The description on the vendor's website says that this application is designed to monitor data transmitted over a local network or over the Internet. If you're a gamer or streamer, it can help improve your connection quality, by blocking unwanted applications from accessing the Internet or limiting the speed of the ones you want.

Well, let's take a look. Installation of the application looks absolutely standard, click "Next" a few times and it's done.

After launching it, you will see two widgets with traffic graphs for the local network and the Internet, as well as the main program window. It looks more like an old-school dialog box with options. There are a large number of tabs, each of which has a lot of buttons and fields for entering data. At first glance, it's pretty confusing. It would be a good idea to add a wizard to guide you through the customization process. For some time I study the help to understand what options are available and how to use them. Nothing happens during this time.

Then I was interested to see how the graph of traffic consumption is plotted. I launch Firefox. BWMeter reacts and asks if I want to allow connection. I say yes, then start some video on YouTube. I observe the graph being created, which you can see in the screenshot above.

This is when the interesting stuff starts to happen. One by one, BWMeter gives notifications that Microsoft Edge browser and Cortana virtual assistant are trying to send data somewhere. According to the destination IP addresses, it's to Microsoft's website, to the Azure cloud, and to some company in Germany. And this is despite the fact that I haven't launched Edge at all. It may be a coincidence, but it's a little stressful nonetheless.

BWMeter firewall dialog

It turns out that BWMeter can indeed be used to search for applications that unauthorizedly access the network.

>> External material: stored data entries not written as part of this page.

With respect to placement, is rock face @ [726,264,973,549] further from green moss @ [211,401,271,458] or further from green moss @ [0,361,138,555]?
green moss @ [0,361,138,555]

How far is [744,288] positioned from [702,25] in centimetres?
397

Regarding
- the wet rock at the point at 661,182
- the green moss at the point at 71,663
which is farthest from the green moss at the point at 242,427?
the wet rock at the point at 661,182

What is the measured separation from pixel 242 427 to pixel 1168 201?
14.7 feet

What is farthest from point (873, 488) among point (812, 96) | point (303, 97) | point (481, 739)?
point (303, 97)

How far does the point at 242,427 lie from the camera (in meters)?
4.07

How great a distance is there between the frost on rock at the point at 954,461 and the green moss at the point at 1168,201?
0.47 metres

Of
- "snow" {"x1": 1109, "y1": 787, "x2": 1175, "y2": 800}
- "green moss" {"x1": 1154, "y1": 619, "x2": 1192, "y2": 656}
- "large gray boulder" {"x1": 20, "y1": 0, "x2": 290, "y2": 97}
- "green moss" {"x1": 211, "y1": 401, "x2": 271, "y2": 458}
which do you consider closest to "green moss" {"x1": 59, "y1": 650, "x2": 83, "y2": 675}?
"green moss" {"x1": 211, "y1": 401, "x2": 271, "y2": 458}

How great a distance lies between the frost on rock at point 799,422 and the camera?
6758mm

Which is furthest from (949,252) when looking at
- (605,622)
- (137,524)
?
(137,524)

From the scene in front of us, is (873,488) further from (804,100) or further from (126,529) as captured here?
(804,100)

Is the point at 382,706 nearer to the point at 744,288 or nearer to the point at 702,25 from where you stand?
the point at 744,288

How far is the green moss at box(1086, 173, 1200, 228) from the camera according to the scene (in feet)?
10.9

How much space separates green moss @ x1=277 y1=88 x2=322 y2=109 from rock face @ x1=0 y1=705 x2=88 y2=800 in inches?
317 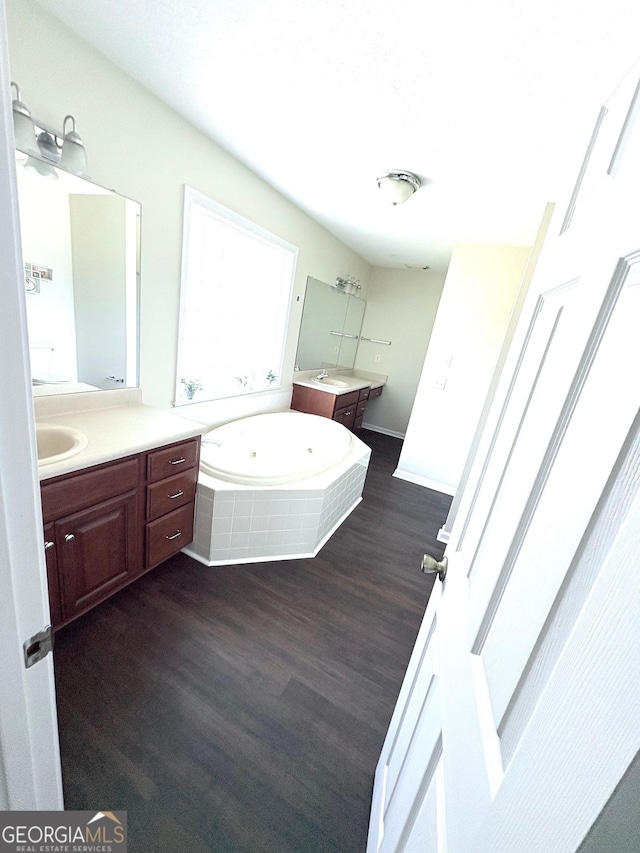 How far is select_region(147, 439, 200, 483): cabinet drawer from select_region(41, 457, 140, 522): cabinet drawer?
3.2 inches

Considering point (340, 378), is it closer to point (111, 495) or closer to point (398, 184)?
point (398, 184)

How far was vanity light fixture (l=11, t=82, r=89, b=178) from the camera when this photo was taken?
4.17 ft

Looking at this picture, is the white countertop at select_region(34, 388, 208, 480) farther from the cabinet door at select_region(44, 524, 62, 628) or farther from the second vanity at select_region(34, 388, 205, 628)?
the cabinet door at select_region(44, 524, 62, 628)

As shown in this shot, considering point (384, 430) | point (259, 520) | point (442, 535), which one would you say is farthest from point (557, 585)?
point (384, 430)

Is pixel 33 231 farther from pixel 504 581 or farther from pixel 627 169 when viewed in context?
pixel 504 581

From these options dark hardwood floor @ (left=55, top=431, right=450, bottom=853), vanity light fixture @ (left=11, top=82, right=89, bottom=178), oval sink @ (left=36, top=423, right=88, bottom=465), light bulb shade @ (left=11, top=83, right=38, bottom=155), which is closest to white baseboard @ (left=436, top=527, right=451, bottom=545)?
dark hardwood floor @ (left=55, top=431, right=450, bottom=853)

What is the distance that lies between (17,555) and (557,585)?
745 millimetres

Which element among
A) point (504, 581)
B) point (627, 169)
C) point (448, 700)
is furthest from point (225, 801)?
point (627, 169)

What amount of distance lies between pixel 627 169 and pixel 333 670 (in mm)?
1837

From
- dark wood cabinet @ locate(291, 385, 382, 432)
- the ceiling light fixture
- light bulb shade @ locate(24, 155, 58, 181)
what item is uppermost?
the ceiling light fixture

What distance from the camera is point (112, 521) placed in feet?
4.91

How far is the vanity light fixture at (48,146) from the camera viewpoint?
1271 millimetres

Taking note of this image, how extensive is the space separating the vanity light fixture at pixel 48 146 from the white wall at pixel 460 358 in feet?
9.18

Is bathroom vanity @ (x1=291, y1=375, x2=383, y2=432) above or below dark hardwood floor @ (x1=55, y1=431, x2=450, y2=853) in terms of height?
above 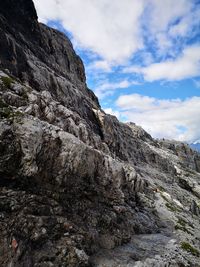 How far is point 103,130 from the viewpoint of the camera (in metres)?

It remains to see, if such traffic filtering will not affect the speed. To do this, I download a 64 megabyte file with a web-browser and BWMeter running, then another file of the same size and from the same server, but without BWMeter. In the first case I get a speed of 1Mb/sec, in the second case - 10Mb/sec. To keep the experiment clean, I downloaded the third file from another server with the program running, but unload it during the process. The download speed has increased immediately.

So, can this application be useful for an ordinary user? Definitely not for everyone, but it is possible for some of them:

1. Paranoid people like me. Who don't care so much about internet speed, but much more about security and control. These people can use the program as a firewall on a regular basis. Block everything they don't need and sleep well.

2. Gamers and streamers, to periodically run the program and identify applications that worsen the connection. But they will have to block those applications in some other way.